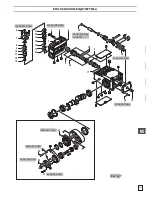 Preview for 133 page of HPP GL 109/290 Assembly And Special Maintenance Instructions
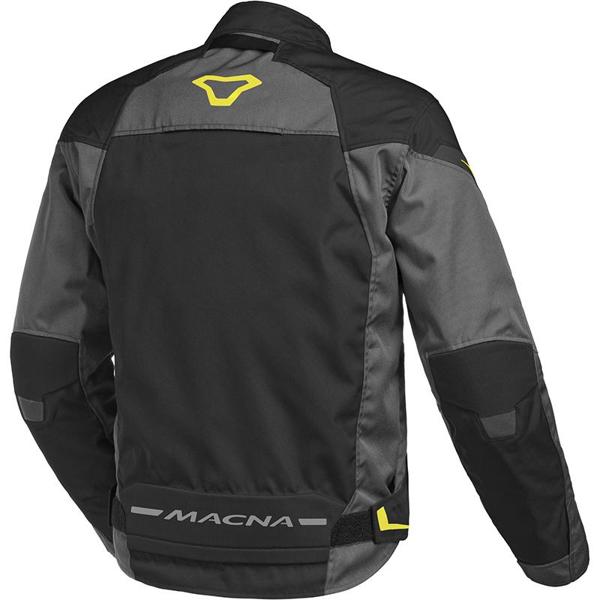 MACNA-veste-solute-image-33594151-cover-1
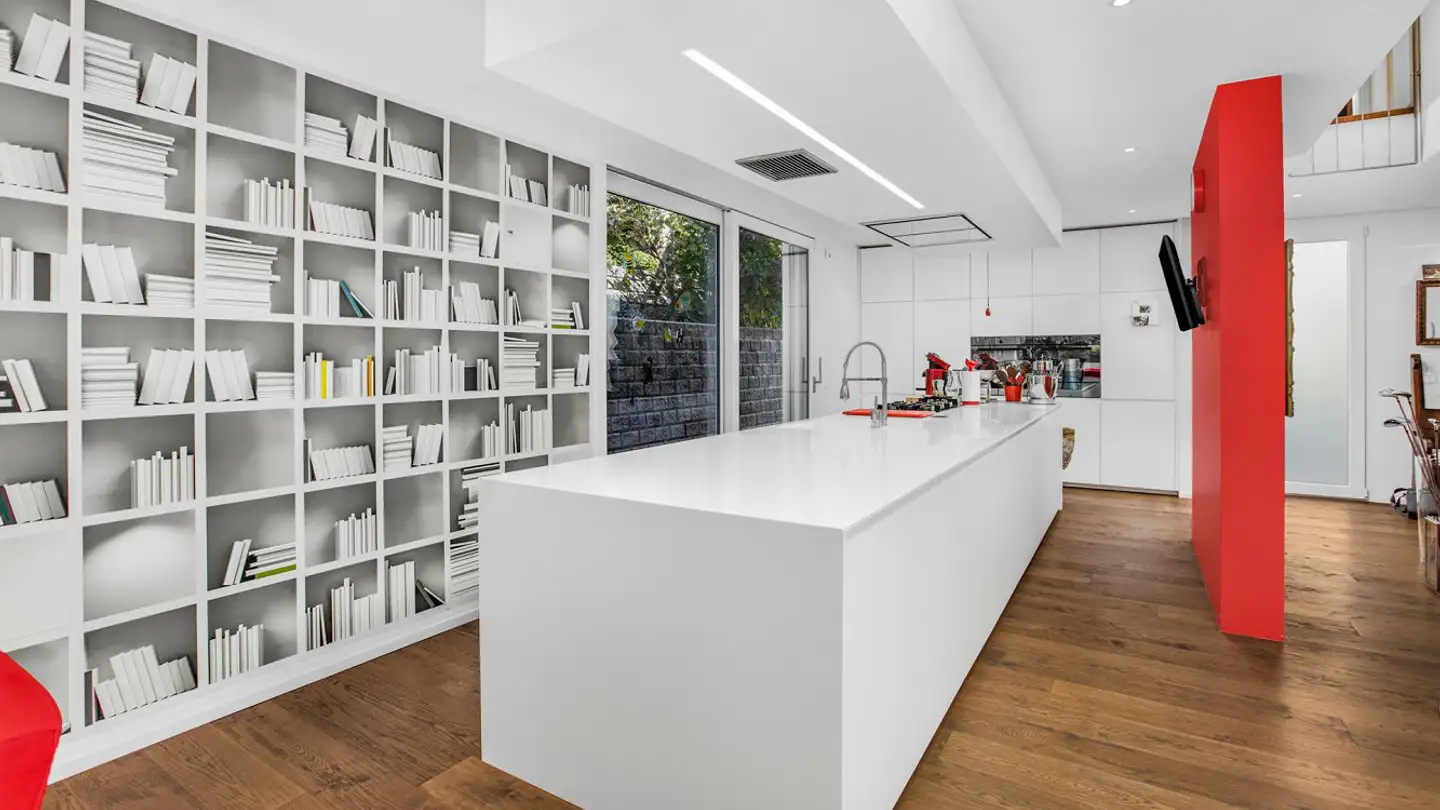 Maison individuelle à vendre - 6807 Taverne - Photo 2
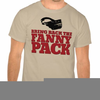 Fanny Pack Funny Image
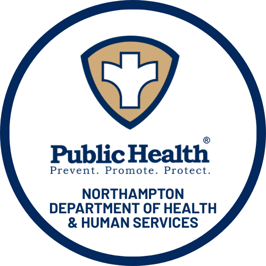 DHHS Logo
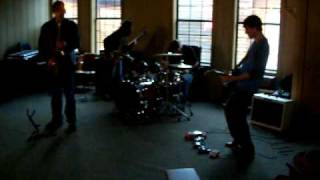 Jacob's Ladder.avi
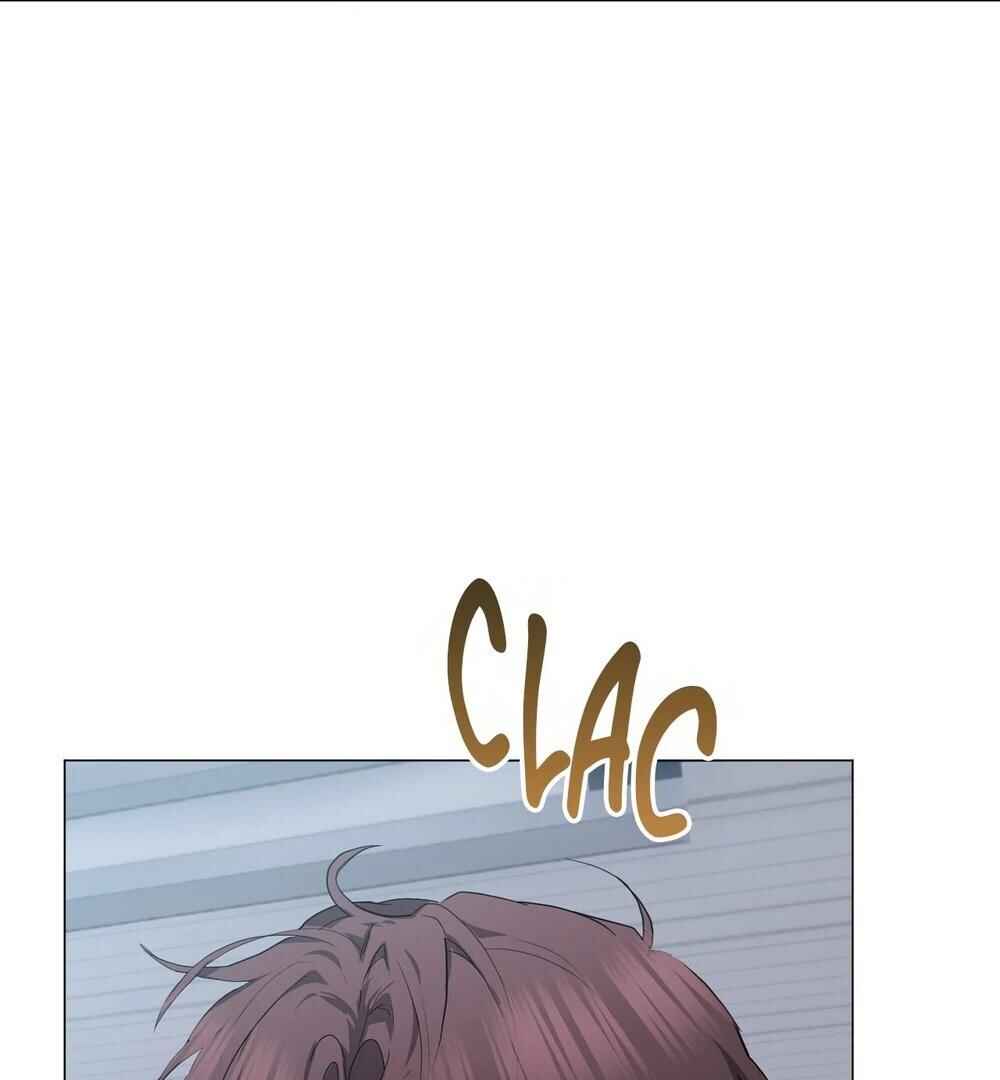 Mint Candy Love Chapter 25 - Page 40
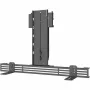 Peerless ACC-STSVCB accesorio para soporte de monitor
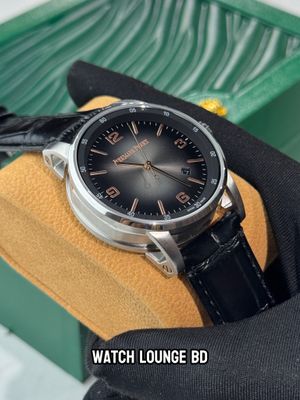 Audemars Piguet Smoked dial_img_1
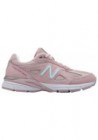 Basket New Balance 990 Femme W990K-MND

______

__Problem__
The final stretch of the data, from the line with "Peerless ACC-STSVCB accesorio" through its last line, is to be retyped exactly; pictures are not part of the copy.

__Exercise result__
 Peerless ACC-STSVCB accesorio para soporte de monitor
 Audemars Piguet Smoked dial_img_1
 Basket New Balance 990 Femme W990K-MND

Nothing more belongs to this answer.